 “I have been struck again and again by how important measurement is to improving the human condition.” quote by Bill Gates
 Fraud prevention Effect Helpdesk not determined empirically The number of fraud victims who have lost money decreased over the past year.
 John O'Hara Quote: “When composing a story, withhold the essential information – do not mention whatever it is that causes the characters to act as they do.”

• _Task requirements_
Everything from the line with "Fraud prevention Effect" down to the last line of the data above should be returned exactly, with both ends kept and nothing added.

• _Written reply_
 Fraud prevention Effect Helpdesk not determined empirically The number of fraud victims who have lost money decreased over the past year.
 John O'Hara Quote: “When composing a story, withhold the essential information – do not mention whatever it is that causes the characters to act as they do.”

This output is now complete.